Our kids went to the mountains with my parents, so my wife and I went to the coast and rented a room for 3 nights.

Friday night my buddy came down and we gigged from 11pm til 3am. The tide was low but was on the rise. We got 2 flounder within 50 yards of the ramp on the way out of the canal. Then we cranked the motor and ran to an area that produced well for me last week. Basically a grass flat with crystal clear water and visibility to 5 feet. Since the tide was on the rise, we worked the same 1/2 mile stretch twice over the next 3 hours. The first run produced 12 fish and the last run produced 6 fish. I had told my buddy if we see a good'un, I had to gig it, so this was about the only fish I gigged all night. It was laying in a couple feet of water about 50 feet from the shoreline.









The next morning we went out in my buddies boat to do some flats fishing. Pretty uneventful day until the last hour when we boated 5 redfish. Biggest was this 27.5 red.









Here is my wifes 23" keeper.









After fishing, we cleaned up, went to dinner and came back to the room for a late nap. Slept from 8pm til 11pm, then woke up, got ready and went down to the boat around midnight. This was my wifes first trip with me gigging. We hit a new spot on the way out at low tide and picked up 6 fish. Then I hit the spot from the night before and got 8 fish. We then headed back to the first spot and it was now high tide, and we picked up 6 more fish. Back in the room at 5am. My wife gigged most of them, and here she is with her largest of the night, 20 inches.









The next day we took it real easy and agreed that we were wore out from fishing and gigging. That evening, we went out a little before dark to fish a little and then gig for a few hours. Trying out a new spot again, we got 8 fish over the next 3 hours. Back in the room around midnight.

Had a great 4th of July weekend and still have all the flounder on ice. Gonna have a cleaning party tonight.​


----------



## bamafan611 (Mar 1, 2010)

*20 inches???*

Man BBB that fish on the end of your wife's gigg looks like a halibut. Great fish.

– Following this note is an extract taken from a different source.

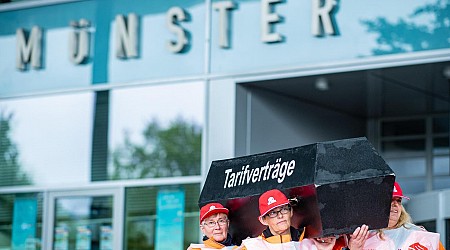 Arbeitsbedingungen: Führende Ökonomen fordern von der EU mehr Tariftreue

Sounds like a great weekend and a cooler full of flatties.Congratulations on your big fish in the contest, maybe you should get the wife to sign up. Thanks for posting


----------



## TurtleLA (Mar 21, 2011)

*nice*

Very nice fish :thumbup:

Now I have something to shoot for in the contest.


----------



## Snatch it (Feb 17, 2009)

Nice flattie!!


----------



## Night Wing (May 16, 2011)

The 20" flounder is a very nice fish. Should be a good fish to stuff with crab meat and then enjoy stuffed baked flounder.


----------



## Flounder9.75 (Sep 28, 2007)

Looks and sounds like ya'll a great trip


----------



## GIggaMon (Sep 29, 2010)

Nice fish I still have never caught a Red Fish, Its still on my bucket list LOL Frank


----------



## Rook (Oct 25, 2007)

Nice haul bbb. A couple of good nights on the water:thumbup:


----------